__WHAT YOU WILL DO__
For this listing, the lines between the one holding "Steroid Injection" and the one holding "Шейный отдел. Укладки", inclusive, must be set down exactly.

INFORMATION: Begin

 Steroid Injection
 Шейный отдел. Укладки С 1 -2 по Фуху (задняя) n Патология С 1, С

INFORMATION: End
INFORMATION: Begin

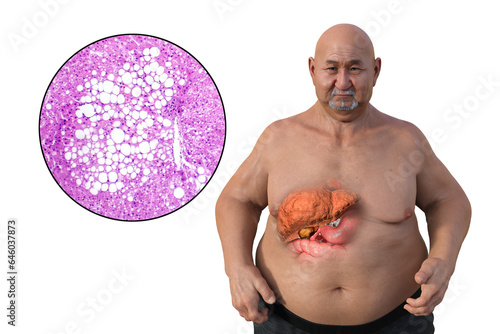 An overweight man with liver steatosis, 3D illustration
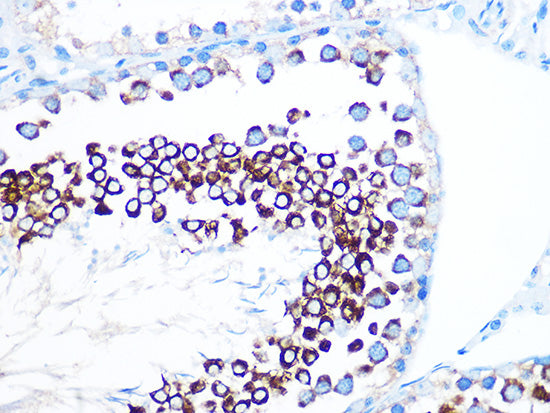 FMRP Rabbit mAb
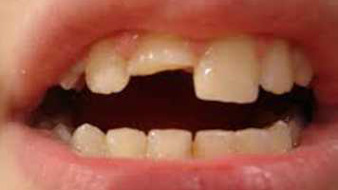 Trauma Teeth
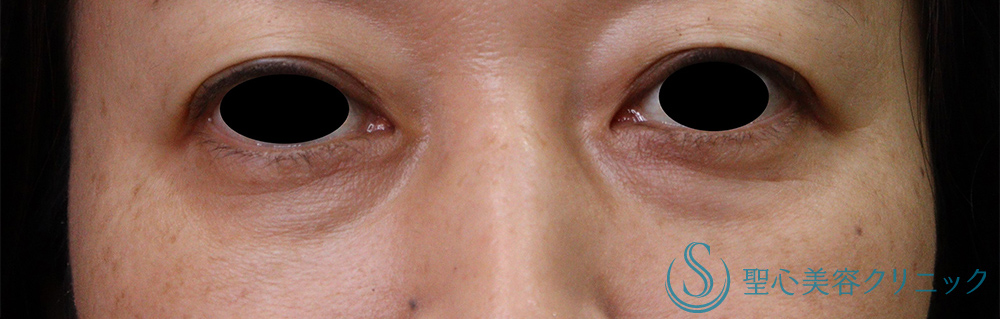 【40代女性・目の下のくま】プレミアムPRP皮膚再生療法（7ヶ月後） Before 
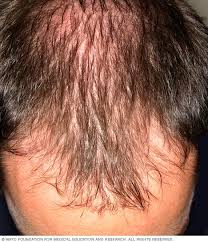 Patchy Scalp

INFORMATION: End
INFORMATION: Begin

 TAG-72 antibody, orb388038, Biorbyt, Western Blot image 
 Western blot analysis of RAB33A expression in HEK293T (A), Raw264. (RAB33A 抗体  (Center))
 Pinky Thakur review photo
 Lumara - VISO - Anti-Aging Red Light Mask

INFORMATION: End

__OUTPUT__
 Steroid Injection
 Шейный отдел. Укладки С 1 -2 по Фуху (задняя) n Патология С 1, С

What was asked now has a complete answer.